2000s Archive

A Greece Less Traveled

Originally Published June 2006
Put away those images of whitewashed houses and fresh-from-the-sea orata. This Greece is a place of mountains and fir trees, where the food runs to meat-based stews and leek and celery pie.

My image of Greece was honed on an island in the Aegean, and for as long as I can remember, the country was eternal summer in my mind’s eye. The days were slow and sweet as honey, and at night a cavorting spirit would whisk me away, seductive as a waft of jasmine floating on the breeze. Life was absolute in its contrasts and reassuringly simple: There was the sun, mercilessly hot, almost paralyzing, and there was the sea, ubiquitous, welcoming, liberating.
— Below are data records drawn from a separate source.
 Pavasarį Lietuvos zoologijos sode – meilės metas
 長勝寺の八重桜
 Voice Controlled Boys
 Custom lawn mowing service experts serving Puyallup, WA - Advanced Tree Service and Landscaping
Then, at the height of August a few years ago, I took the ferry back to Athens and drove to Epirus, the mountainous northwestern part of the mainland, to visit a friend. The mercury had been soaring well above 100 degrees, and the respite, so far from the madding crowds (at that time of year, the entire country seems to congregate in the islands), came as a great relief. An intoxicating perfume of wood fire and wet earth permeated the air, and an icy drizzle chilled my bones for the entire five days I was there.

That trip marked the first time I had ever seen this other Greece, Balkan Greece, with its ponderous beauty, its dark, looming, snowcapped mountains, and its graceful old bridges laced over frigid, rushing rivers. It was a place that felt more like El Greco’s Toledo than the luminous blue and white island paradise I’d always known, and I was utterly entranced. Also, unlike the Aegean, which brims with life for most of the year, Epirus was refreshingly tranquil, its villages serene, lonely places and its inhabitants somber, as though the massive peaks that surrounded them also weighed on their psyches. Even the music was different: Rather than quick-fingered bouzouki riffs to jump and jig to, it was the clarinet’s plaintive wail that resonated at local get-togethers, and the accompanying folk dancing was slow and deliberate. I have been back many times since.
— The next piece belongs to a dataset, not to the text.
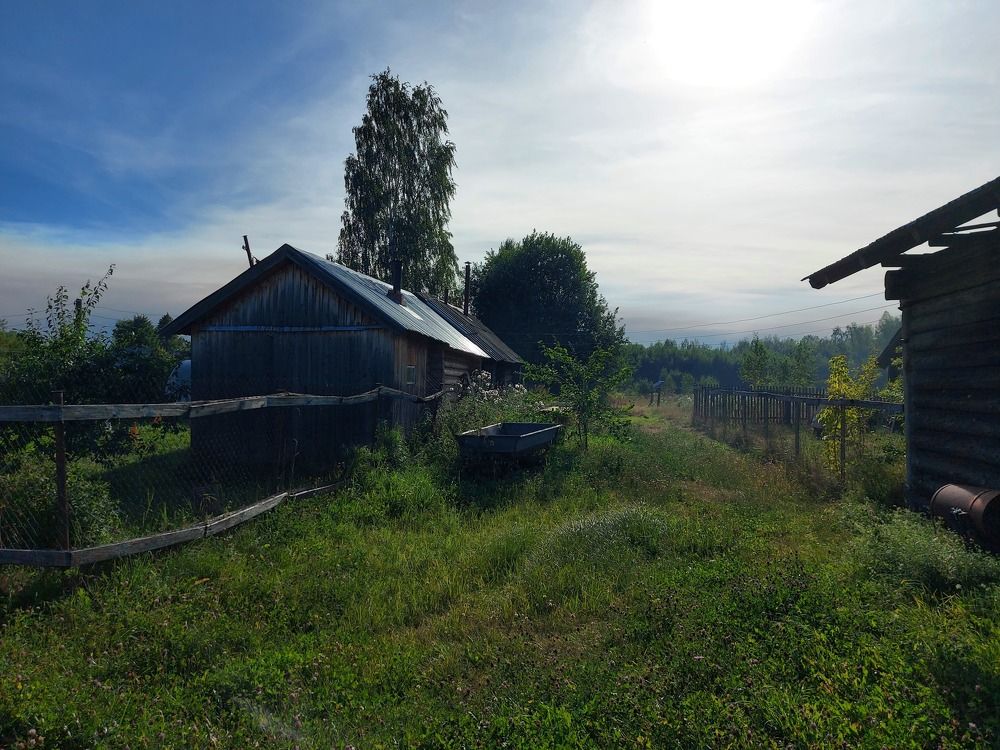 Фотография автора Екатерина Борзыкина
On my most recent trip to Epirus, I was in desperate need of peace and quiet. The clamor of my having recently opened a small seasonal restaurant in Ikaria had just about beaten me down, and I wanted to spend a few days without much in the way of plans, just driving around, relishing the landscape, the vistas, the long walks, and the soul-warming food.
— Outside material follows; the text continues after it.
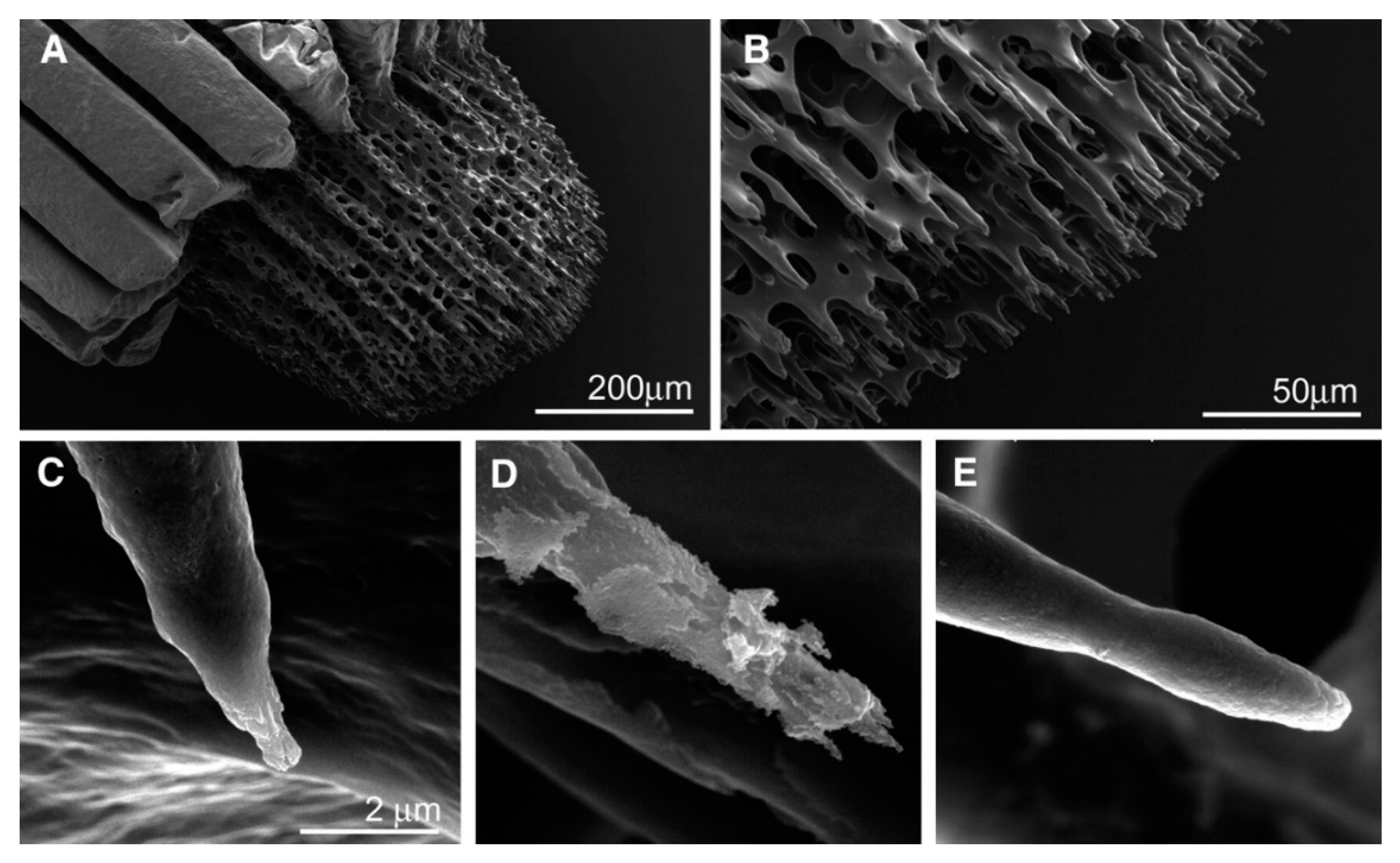 Crystals 08 00048 g003 Crystals 08 00048 g003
The Greek mainland is roughly 80 percent mountains, and Epirus, which means “continent,” is home to the country’s “Alps”—the Pindus range, whose jagged peaks separate the region from Thessaly, the great plain and wheat belt to the south, and Macedonia, to the northeast. Whereas Greek island landscapes are bleached and bone-dry most of the year, Epirus is always lush. Its environs are so densely forested they appear almost impenetrable. (One part of Epirus is called Agrafa, or “unwritten,” because the mountains are so formidable that they were inaccessible to all but the most intrepid travelers, hence unknowable and unrecorded.)